Steinmeier glaubt nicht an Nutzen von Grenzzäunen

Bei dem Treffen in Wien herrschte Einigkeit, dass Maßnahmen wie der Bau des Grenzzauns in Ungarn nicht wirklich helfen. "Wir sind keine Verfechter von Grenzzäunen. Wir glauben auch nicht, dass Grenzzäune am Ende das Thema Migration lösen werden", sagte Bundesaußenminister Frank-Walter Steinmeier (SPD) in Wien.

Der österreichische Außenminister Sebastian Kurz (ÖVP) sagte, es sei beschämend, dass Griechenland als EU-Land die Flüchtlinge einfach ins benachbarte Nicht-EU-Land Mazedonien durchwinke. Die EU müsse über ganz neue Wege im Asylverfahren nachdenken. Dazu könne auch die Möglichkeit gehören, bereits im Heimatland der Flüchtlinge eine Asylprüfung vorzunehmen.

Die EU-Außenbeauftragte Federica Mogherini nannte den Schutz der immer größeren Zahl von Flüchtlingen in Europa eine "moralische und rechtliche Pflicht". Die Europäische Union arbeite an neuen Vorschlägen für eine gemeinsame Flüchtlingspolitik, sagte sie nach der Wiener Konferenz. Dazu gehöre eine gemeinsame Liste von sicheren Herkunftsländern. "Es gibt keine Zauberlösung", sagte Mogherini. Aber der Weg für eine Verbesserung der Situation sei bekannt.

Balkanstaaten sehen EU als Wertesystem

Vom Balkan nahmen die Regierungschefs aus Mazedonien, Albanien, Bosnien-Herzegowina, dem Kosovo, Montenegro, Kroatien und Serbien an der Konferenz teil. Die Westbalkan-Konferenz soll den Prozess der Annäherung der Nachfolgestaaten Jugoslawiens an die EU fördern. So wurde am Donnerstag ein 600 Millionen Euro schweres Energie-, Straßen- und Bahnpaket für die Staaten der Balkanregion beschlossen.

Damit werden zehn verschiedene Projekte angestoßen, unter anderem geht es um eine Autobahn vom serbischen Nis über die kosovarische Hauptstadt Prishtina bis zur albanischen Küstenstadt Durres. "Wir sehen die EU nicht als Geldmaschine, sondern als Wertesystem", betonte Serbiens Ministerpräsident Aleksandar Vucic.

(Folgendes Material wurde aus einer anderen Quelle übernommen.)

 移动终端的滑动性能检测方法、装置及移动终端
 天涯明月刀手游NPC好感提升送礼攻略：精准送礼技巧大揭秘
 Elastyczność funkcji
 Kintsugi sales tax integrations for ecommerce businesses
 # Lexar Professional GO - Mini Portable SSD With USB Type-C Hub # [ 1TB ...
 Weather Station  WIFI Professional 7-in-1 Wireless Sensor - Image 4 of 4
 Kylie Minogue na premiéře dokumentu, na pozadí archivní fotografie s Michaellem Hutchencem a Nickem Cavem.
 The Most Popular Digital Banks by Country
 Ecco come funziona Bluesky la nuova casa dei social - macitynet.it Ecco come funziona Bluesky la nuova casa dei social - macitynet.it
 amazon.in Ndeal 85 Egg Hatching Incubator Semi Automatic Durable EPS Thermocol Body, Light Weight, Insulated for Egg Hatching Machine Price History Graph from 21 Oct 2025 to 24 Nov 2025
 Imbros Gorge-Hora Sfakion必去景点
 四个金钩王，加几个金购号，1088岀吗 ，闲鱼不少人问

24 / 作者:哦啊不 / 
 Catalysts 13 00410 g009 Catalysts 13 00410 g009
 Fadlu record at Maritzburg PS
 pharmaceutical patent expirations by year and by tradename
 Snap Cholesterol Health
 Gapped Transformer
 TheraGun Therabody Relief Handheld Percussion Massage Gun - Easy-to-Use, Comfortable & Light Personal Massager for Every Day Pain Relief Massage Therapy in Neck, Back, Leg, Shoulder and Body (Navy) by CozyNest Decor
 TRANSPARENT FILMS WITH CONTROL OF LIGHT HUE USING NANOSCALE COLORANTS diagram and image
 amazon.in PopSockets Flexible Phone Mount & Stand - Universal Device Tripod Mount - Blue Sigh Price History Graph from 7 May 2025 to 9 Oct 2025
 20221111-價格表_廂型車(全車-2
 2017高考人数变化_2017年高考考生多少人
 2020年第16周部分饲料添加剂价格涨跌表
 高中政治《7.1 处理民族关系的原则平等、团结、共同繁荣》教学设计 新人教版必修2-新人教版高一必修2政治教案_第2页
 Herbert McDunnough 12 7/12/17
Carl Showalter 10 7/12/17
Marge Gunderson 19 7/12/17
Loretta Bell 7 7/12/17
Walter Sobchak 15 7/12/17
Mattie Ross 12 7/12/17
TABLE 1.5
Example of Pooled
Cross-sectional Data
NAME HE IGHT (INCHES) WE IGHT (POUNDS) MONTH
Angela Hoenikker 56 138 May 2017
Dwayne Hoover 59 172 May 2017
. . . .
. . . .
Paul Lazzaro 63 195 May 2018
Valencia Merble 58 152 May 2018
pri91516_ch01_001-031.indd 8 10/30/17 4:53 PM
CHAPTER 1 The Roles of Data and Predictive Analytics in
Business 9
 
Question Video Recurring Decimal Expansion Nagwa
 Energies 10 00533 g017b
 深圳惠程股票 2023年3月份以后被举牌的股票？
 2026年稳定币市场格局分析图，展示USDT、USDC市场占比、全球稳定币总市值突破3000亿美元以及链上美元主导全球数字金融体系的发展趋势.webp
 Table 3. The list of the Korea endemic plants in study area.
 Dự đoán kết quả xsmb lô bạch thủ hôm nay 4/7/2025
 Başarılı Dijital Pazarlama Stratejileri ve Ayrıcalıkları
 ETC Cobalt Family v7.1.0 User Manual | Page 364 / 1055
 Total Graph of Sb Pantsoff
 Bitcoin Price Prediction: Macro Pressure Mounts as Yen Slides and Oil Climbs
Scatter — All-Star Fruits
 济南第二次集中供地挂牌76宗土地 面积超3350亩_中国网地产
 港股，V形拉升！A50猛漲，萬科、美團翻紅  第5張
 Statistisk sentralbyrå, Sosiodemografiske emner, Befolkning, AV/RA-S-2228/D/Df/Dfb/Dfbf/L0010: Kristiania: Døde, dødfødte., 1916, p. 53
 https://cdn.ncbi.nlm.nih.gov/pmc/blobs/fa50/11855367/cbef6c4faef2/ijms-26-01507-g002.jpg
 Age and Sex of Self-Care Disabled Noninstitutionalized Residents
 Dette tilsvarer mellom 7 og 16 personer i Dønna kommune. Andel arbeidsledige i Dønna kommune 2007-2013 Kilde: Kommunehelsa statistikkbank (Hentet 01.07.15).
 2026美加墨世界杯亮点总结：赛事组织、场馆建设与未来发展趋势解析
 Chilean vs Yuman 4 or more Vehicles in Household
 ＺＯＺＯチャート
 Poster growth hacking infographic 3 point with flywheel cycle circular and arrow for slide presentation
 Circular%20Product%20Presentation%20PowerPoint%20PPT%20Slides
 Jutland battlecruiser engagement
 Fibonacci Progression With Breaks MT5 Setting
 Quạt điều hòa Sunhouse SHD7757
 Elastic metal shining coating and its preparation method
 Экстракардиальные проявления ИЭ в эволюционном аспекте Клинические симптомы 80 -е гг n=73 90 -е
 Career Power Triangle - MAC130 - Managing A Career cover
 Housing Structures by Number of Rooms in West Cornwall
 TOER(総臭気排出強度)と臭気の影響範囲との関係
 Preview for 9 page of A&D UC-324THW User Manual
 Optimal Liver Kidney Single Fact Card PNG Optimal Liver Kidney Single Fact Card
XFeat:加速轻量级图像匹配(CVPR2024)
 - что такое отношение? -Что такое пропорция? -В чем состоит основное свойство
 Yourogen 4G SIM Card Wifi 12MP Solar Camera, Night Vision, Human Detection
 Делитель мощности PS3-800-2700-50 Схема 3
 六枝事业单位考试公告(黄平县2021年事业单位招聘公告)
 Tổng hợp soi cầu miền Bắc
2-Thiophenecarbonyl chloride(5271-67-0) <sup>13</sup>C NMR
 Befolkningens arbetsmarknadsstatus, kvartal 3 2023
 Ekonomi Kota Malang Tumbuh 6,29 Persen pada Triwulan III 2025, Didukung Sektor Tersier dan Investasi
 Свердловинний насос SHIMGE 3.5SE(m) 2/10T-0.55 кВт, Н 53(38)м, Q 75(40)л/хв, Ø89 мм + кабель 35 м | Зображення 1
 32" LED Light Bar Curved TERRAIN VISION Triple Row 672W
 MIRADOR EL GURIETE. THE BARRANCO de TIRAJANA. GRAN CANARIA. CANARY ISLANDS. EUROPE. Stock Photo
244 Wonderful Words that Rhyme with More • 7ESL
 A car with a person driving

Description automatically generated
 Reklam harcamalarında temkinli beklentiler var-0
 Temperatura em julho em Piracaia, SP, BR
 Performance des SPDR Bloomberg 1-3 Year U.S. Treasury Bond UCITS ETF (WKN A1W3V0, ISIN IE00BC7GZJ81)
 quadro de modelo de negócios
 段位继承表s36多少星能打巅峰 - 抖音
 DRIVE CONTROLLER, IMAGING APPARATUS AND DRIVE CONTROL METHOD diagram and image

Der UN-Hochkommissar für Flüchtlinge, António Guterres, forderte unterdessen erneut ein besseres System für die legale Aufnahme von Asylsuchenden. Nur so könne man Flüchtlinge vor Schleppern schützen, sagte Guterres in einer gemeinsamen Stellungnahme mit Frankreichs Innenminister Bernard Cazeneuve in Genf. "Wenn wir gegen Menschenhändler kämpfen, die Opfer schützen und ein System in die Wege leiten, das es Flüchtlingen erlaubt, legal Asyl zu suchen, dann werden wir Erfolg haben", so Guterres. Ein EU-Aufnahmezentrum könne die Lösung sein, sagte Cazeneuve.